Description
This Coconut Curry Chicken recipe features tender chicken breasts simmered in a rich and creamy coconut milk curry, enhanced with yellow curry powder and red curry paste. Combined with hearty carrots and potatoes, it’s a comforting and flavorful dish perfect for weeknight dinners or gatherings.
Ingredients
Units
Scale
Curry Base
- 1 tablespoon vegetable oil
- 1/2 yellow onion, diced
- 2 cloves garlic, minced
Protein and Vegetables
- 1 pound chicken breasts, cut into 1-inch cubes
- 3 carrots, cut into 1/4-inch slices
- 2 russet potatoes, peeled and cut into 1-inch cubes
Spices and Sauces
- 3 tablespoons yellow curry powder
- 1 1/2 tablespoons red curry paste
- 1 (14-ounce) can full-fat coconut milk
- 3 cups low-sodium chicken broth (or vegetable broth)
- 2 tablespoons brown sugar (or coconut sugar)
- 1 teaspoon fish sauce
Garnish
- Cilantro (optional)
Instructions
- Heat the Oil and Sauté Aromatics: In a large skillet over medium heat, heat the vegetable oil until shimmering. Add the diced yellow onion and cook for 2 minutes until softened. Then add the minced garlic and cook for an additional 30 seconds, releasing its fragrant aroma.
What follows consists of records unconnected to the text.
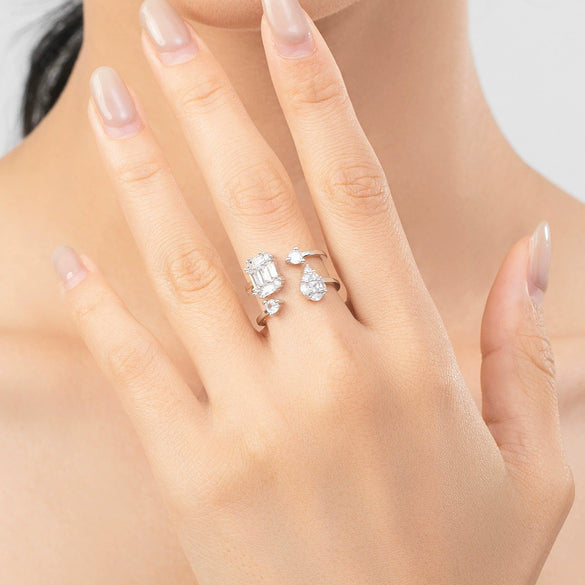 Wholesale S925 Sterling Silver Double Layer Geometric Zircon Inlay Ring For Women Light Luxury High End Sense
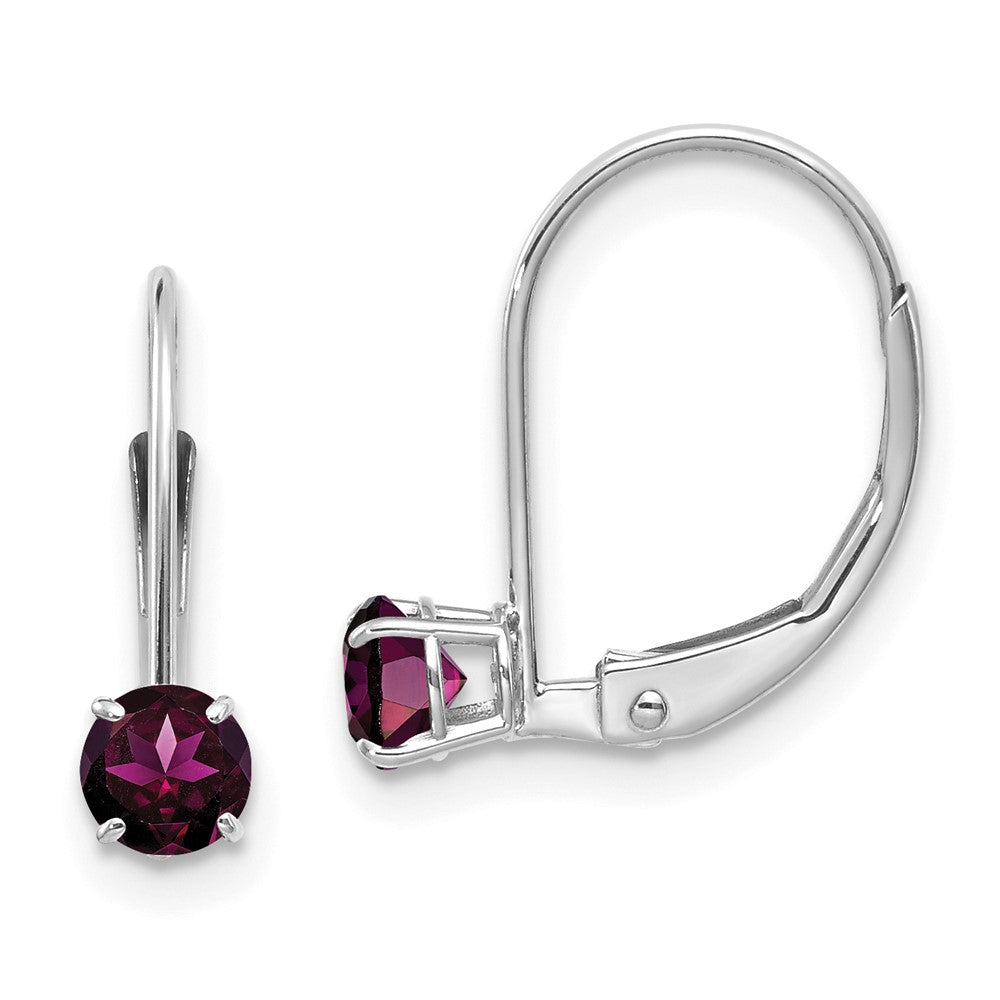 14K Weißgold Wg 4mm Rund June/rhodolite Ohrhänger mit Brisur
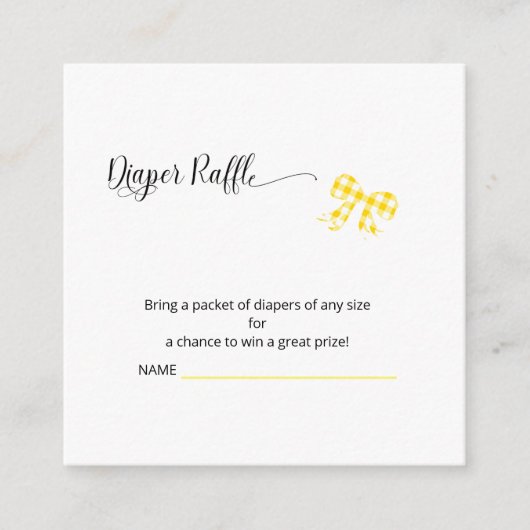 Vierkante gele Gingham Luier Raffle Kaart (Voorkant)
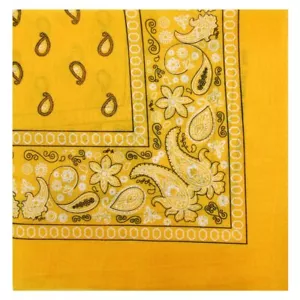 Paisley One Dozen Cowboy Bandanas Gold 22 X 22 in - Picture 1 of 1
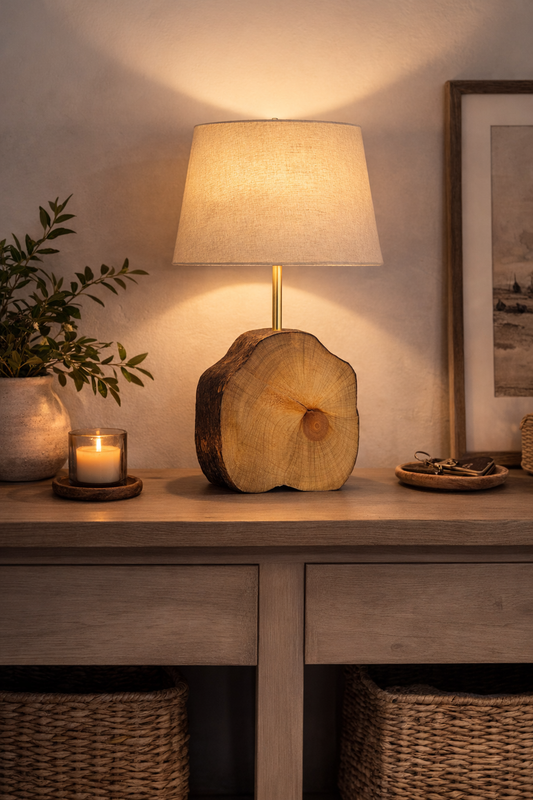 Lámpara artesanal sobre rodaja de pino carrasco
- Brown the Chicken and Vegetables: Add the cubed chicken breasts to the skillet, browning them for about 3 minutes on each side until golden. Next, add the sliced carrots and cubed potatoes, cooking until they are lightly browned, which helps to develop flavor.
- Add Curry Spices: Stir in the yellow curry powder and red curry paste, and cook the mixture for about 1 minute until the spices become fragrant, intensifying the dish’s flavor profile.
- Simmer with Liquids and Seasonings: Whisk in the full-fat coconut milk, chicken broth, brown (or coconut) sugar, and fish sauce. Bring the mixture to a gentle simmer, cover or leave uncovered, and cook for 20 minutes, or until the potatoes and carrots are tender and cooked through, allowing flavors to meld together.
- Finish and Serve: Remove the skillet from heat. Serve the coconut curry chicken hot with steamed rice and garnish with optional cilantro leaves to add a fresh finish.
Notes
- You can substitute chicken thighs for breasts for a juicier texture.
- Adjust the amount of curry paste depending on your preferred spice level.
- For a lighter version, use light coconut milk and reduce the amount of oil.
- The dish pairs exceptionally well with basmati or jasmine rice.
- Fish sauce can be omitted to make the recipe vegetarian by substituting with soy sauce or tamari.